North America was the first region to suffer the effects of the financial crisis, but it was also quick to recover, and adspend in North America has been more robust than in Western & Central Europe since 2012. Adspend growth was boosted to 4.7% in 2014 by the Winter Olympics and mid-term elections in the US; in their absence we expect growth to subside to 3.5% in 2015. In 2016 the market will benefit from the 2016 Summer Olympics and the US Presidential elections, but growth will be constrained by ongoing decline in network television adspend as ratings continue to slide. We forecast 3.8% growth in 2016, and an average of 3.4% a year to 2018.

Latin America

Latin America’s economies are more volatile than those of Fast-track Asia, but lately it has been restrained by low prices for oil and other export commodities, and recession in Brazil. We estimate that Latin American adspend will be up 6.0% in 2015, and will grow just 4.8% a year in 2016 despite the presence of the 2016 Summer Olympics, hosted by Brazil. Growth should average 4.0% a year to 2018.


For this edition we have thoroughly overhauled our historic advertising expenditure figures in MENA, based on new information on actual spending levels in comparison to monitored spending measured at ratecard. Our new forecasts are all based on these revised historic figures.

The drop in oil prices in 2014 has had a severe effect on the economies in the region, and has prompted advertisers to cut back their budgets in anticipation of lower consumer demand.
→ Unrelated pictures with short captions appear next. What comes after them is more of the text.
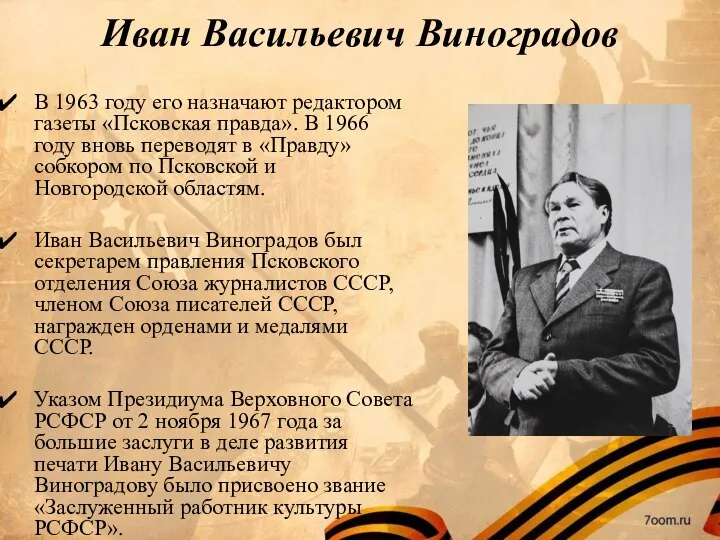 Иван Васильевич Виноградов В 1963 году его назначают редактором газеты «Псковская правда».
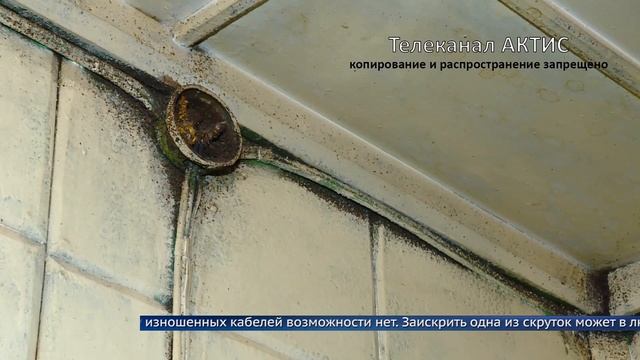 Плохая электропроводка – причина пожаров смотреть онлайн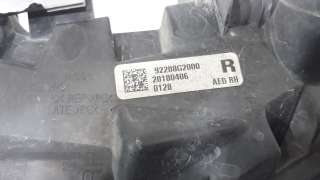 Recambio de faro luz diurna derecho para hyundai ioniq 2016- klass electro referencia OEM IAM 92208G2000 92208G2000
We forecast an 11.1% drop in adspend in MENA this year, followed by a further decline of 6.8% in 2016. We then predict a slow recovery with 1.5% growth in 2017 and 4.3% in 2018, averaging a 0.4% decline a year from 2015 to 2018.

It is not as easy as usual to divide the different blocs into groups with distinct growth rates. There are two stand out blocs: MENA at the bottom, with no growth between 2015 and 2018; and Fast-track Asia, with 8.4% annual growth. The other six vary fairly evenly from 2.2% annual growth to 5.0%.
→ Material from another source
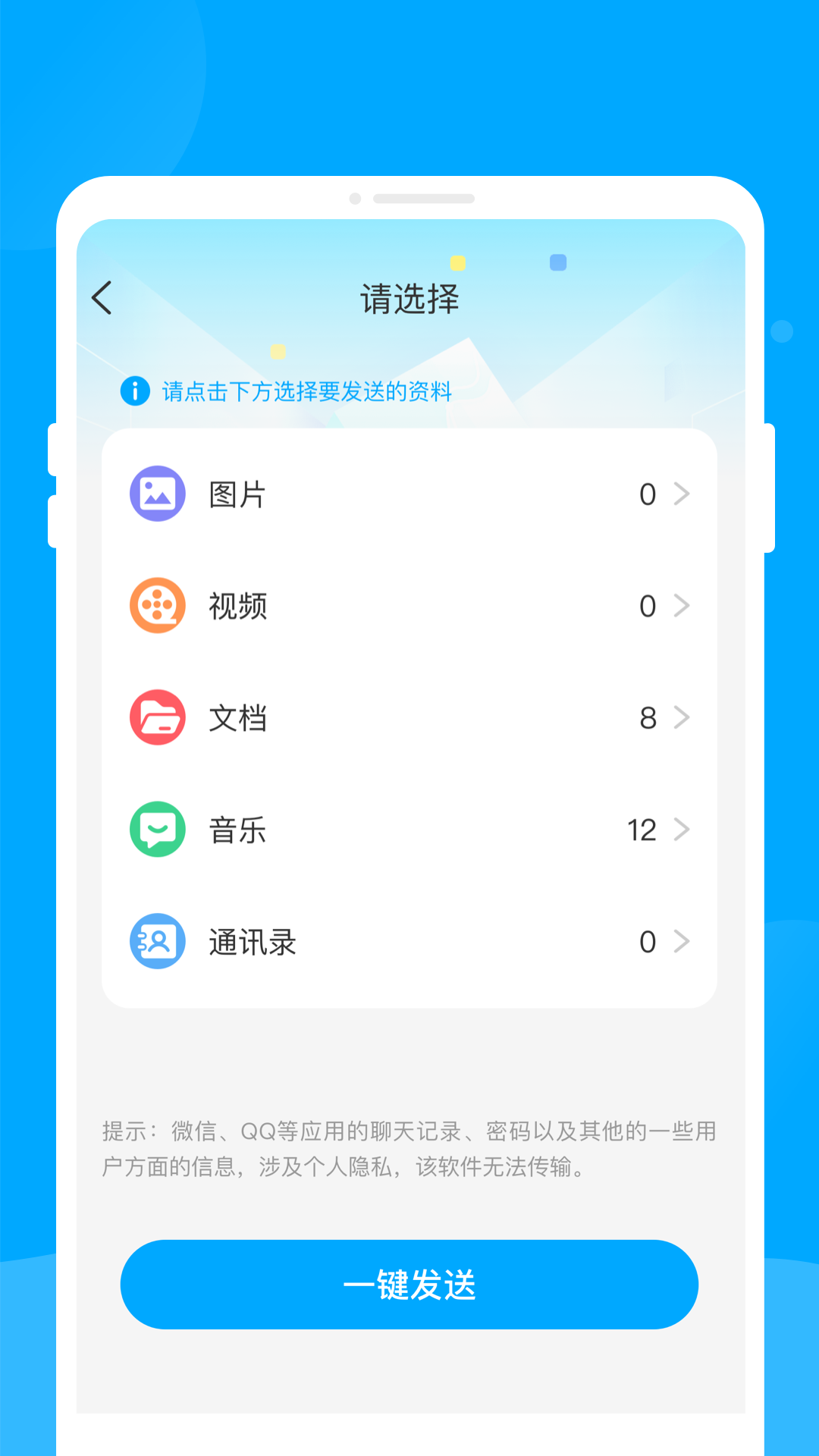 新旧手机互传助手 1.0.0 安卓版 2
Forecast by leading advertising markets

Despite the rapid growth of the Rising Markets*, the US is still the biggest contributor of new ad dollars to the global market. Between 2015 and 2018 we expect the global ad market to grow by US$77 billion. The US will contribute 26% of this extra ad expenditure, closely followed by China, which will contribute 24%. The UK comes third, contributing 7%, and Indonesia fourth, contributing 5%.
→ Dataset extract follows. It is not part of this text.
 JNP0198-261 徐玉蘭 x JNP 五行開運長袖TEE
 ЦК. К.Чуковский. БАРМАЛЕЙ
Five of the ten largest contributors will be Rising Markets, and between them they will contribute 36% of new adspend over the next three years. Overall, we forecast Rising Markets to contribute 54% of additional ad expenditure between 2015 and 2018, and to increase their share of the global market from 37% to 39%.

The ranking of the world’s largest ad markets is currently very stable. The only change we expect between 2015 and 2018 is for Indonesia to displace Canada as the tenth-largest ad market.

Global advertising expenditure by medium

The internet is still the fastest growing medium by some distance. We forecast internet adspend will have grown 18% year on year by the end of 2015, and we forecast an average of 13% annual growth between 2015 and 2018. We estimate that the internet advertising will account for 29.0% of global ad expenditure across 2015, up from 25.5% in 2014. By 2018 we expect internet advertising to attract 36.6% of all global advertising, overtaking television for the first time to become the world’s largest advertising medium.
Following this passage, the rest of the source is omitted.